Collected data:
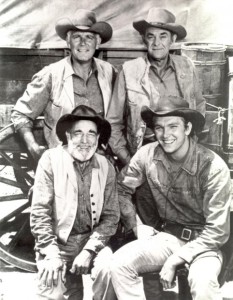 (E-D) Terry Wilson, John McIntyre, Frank McGrath e Denny Miller em ‘A Caravana’ (Foto: ABC/Arquivo)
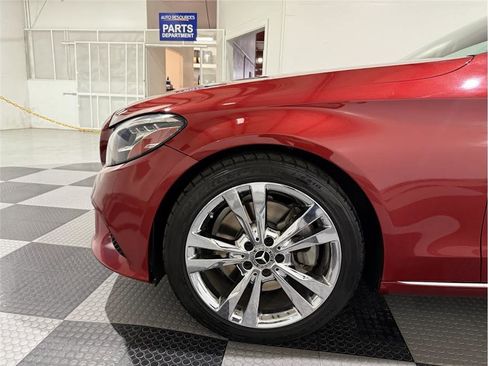 Used 2019 Mercedes-Benz C 300 Sedan image 11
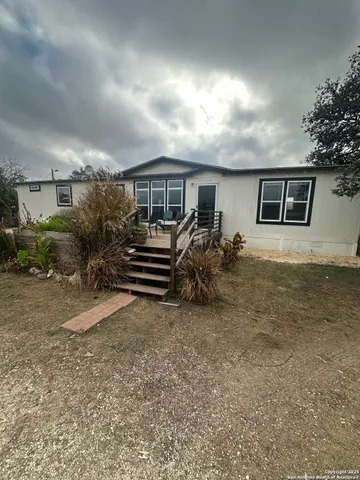 $299,900 | 1253 Cr 428, Uvalde, TX 78801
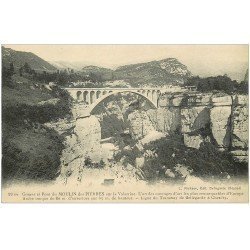 carte postale ancienne 01 MOULIN-DES-PIERRES. Gorges et Pont. Ligne Tramway de Bellegarde à Chézery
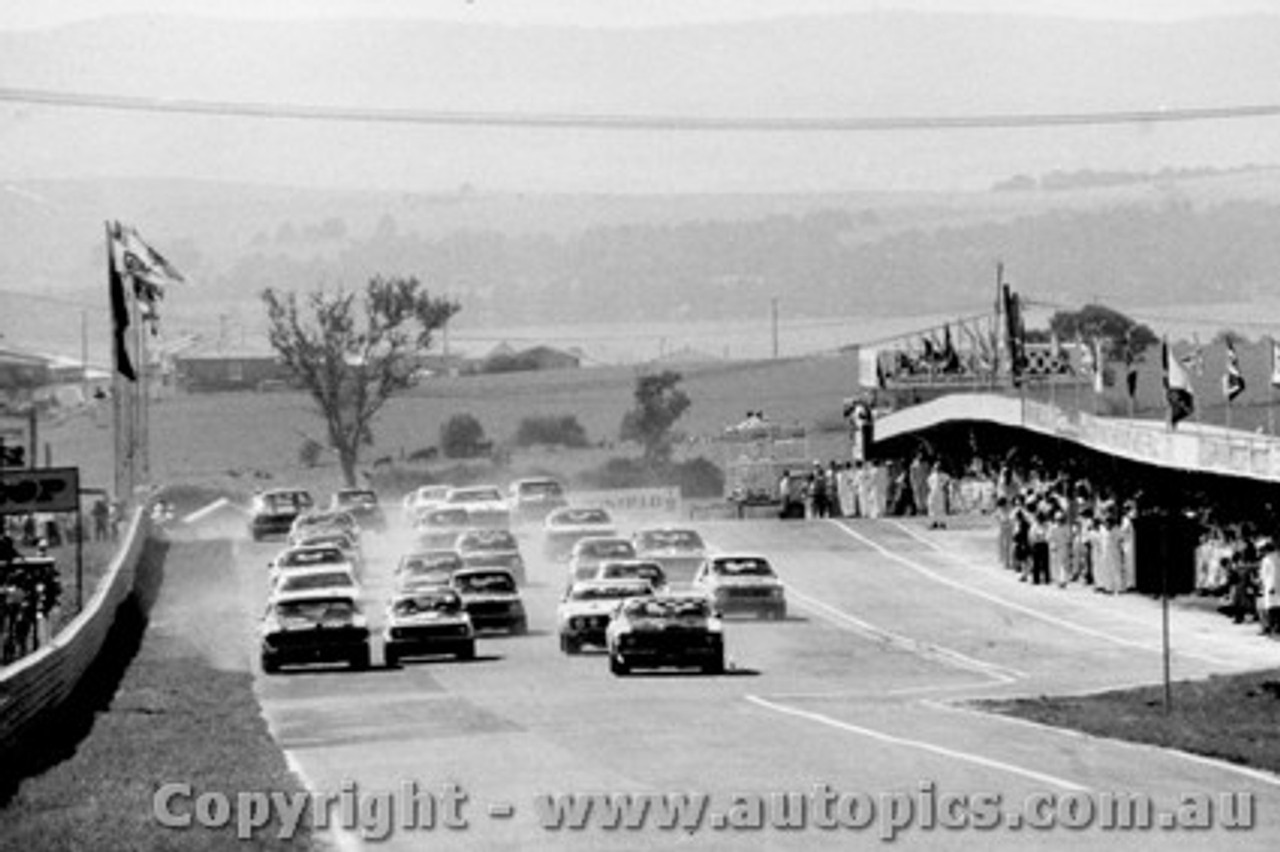 73713 - The Start - Bathurst 1973  Falcons get the jump on the Torana XU1s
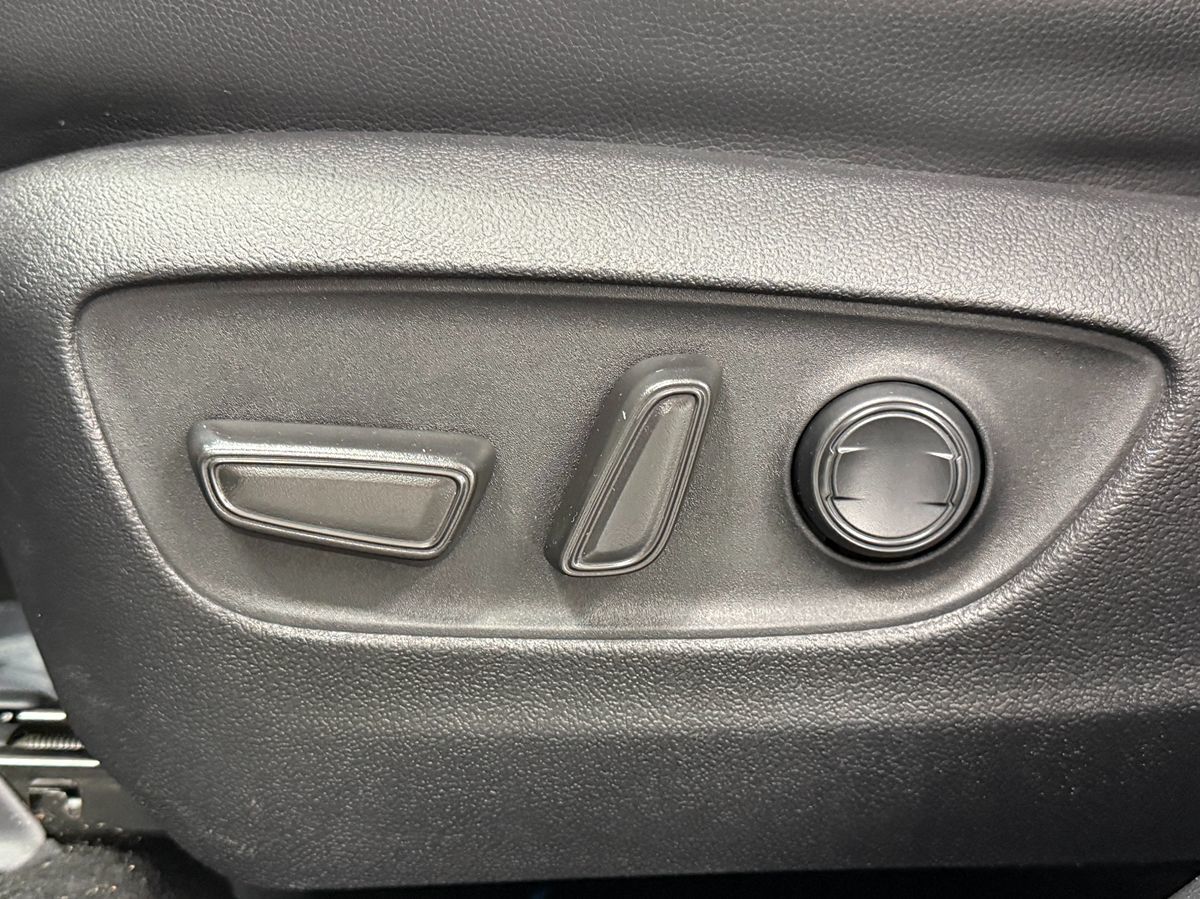 Photo 25 of this Toyota Highlander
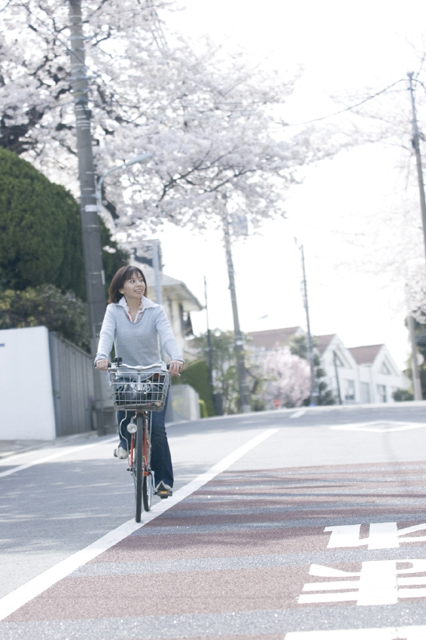 イラスト＆写真のストックフォトwaha（ワーハ）　人物、日本人、女性、20代、30代、家族、主婦、1人、屋外、町、町並み、住宅街、乗り物、自転車、全身、季節、四季　w2-7908b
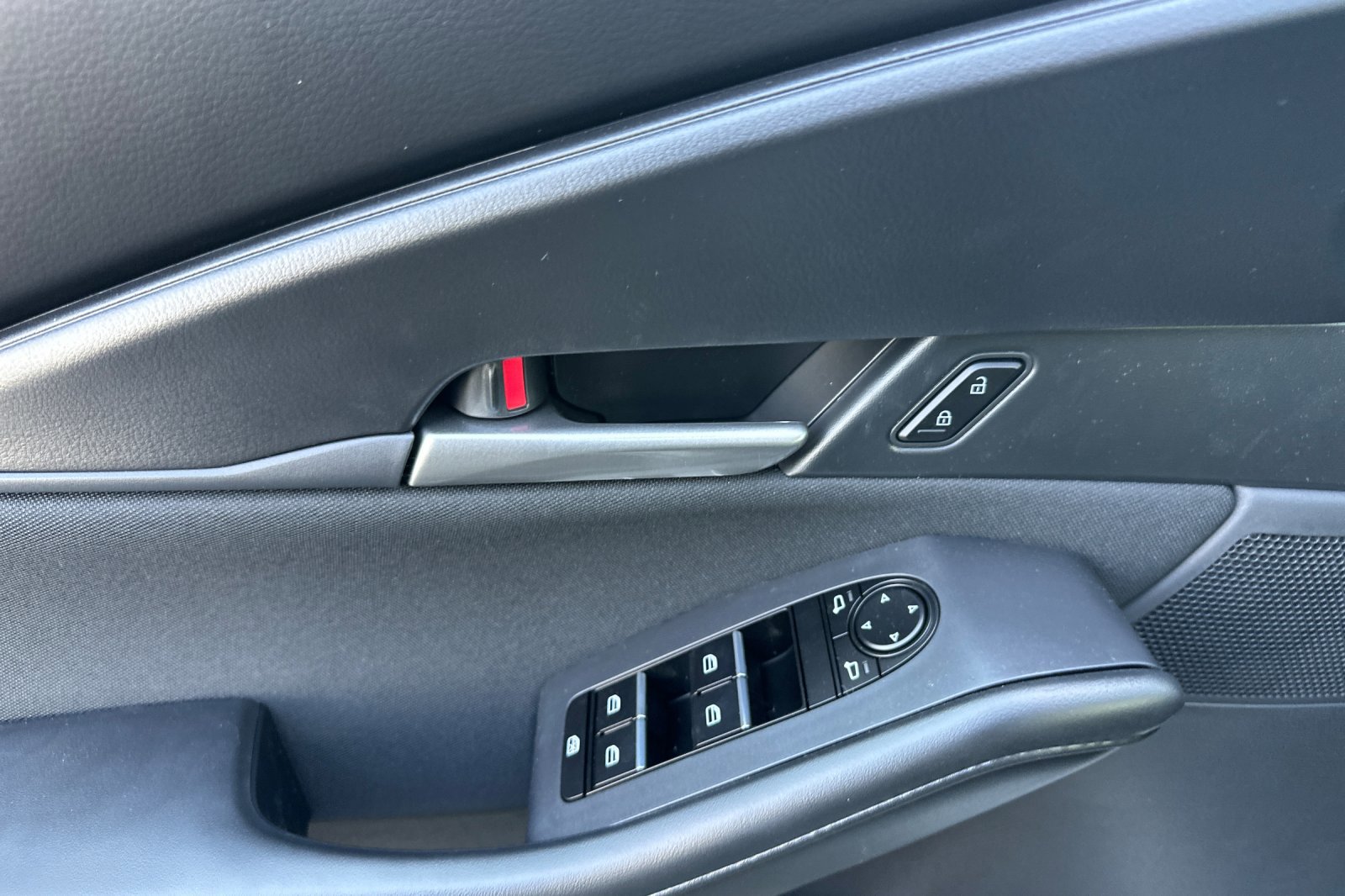 New 2026 MAZDA CX-30 AWD 2.5 S image 11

— What you should do —
Your answer must be an exact copy of the lines from the one with "Used 2019 Mercedes-Benz C 300 Sedan image 11" through the final line of the data, both included, without any pictures.

— Answer for the task —
 Used 2019 Mercedes-Benz C 300 Sedan image 11
 $299,900 | 1253 Cr 428, Uvalde, TX 78801
 carte postale ancienne 01 MOULIN-DES-PIERRES. Gorges et Pont. Ligne Tramway de Bellegarde à Chézery
 73713 - The Start - Bathurst 1973  Falcons get the jump on the Torana XU1s
 Photo 25 of this Toyota Highlander
 イラスト＆写真のストックフォトwaha（ワーハ）　人物、日本人、女性、20代、30代、家族、主婦、1人、屋外、町、町並み、住宅街、乗り物、自転車、全身、季節、四季　w2-7908b
 New 2026 MAZDA CX-30 AWD 2.5 S image 11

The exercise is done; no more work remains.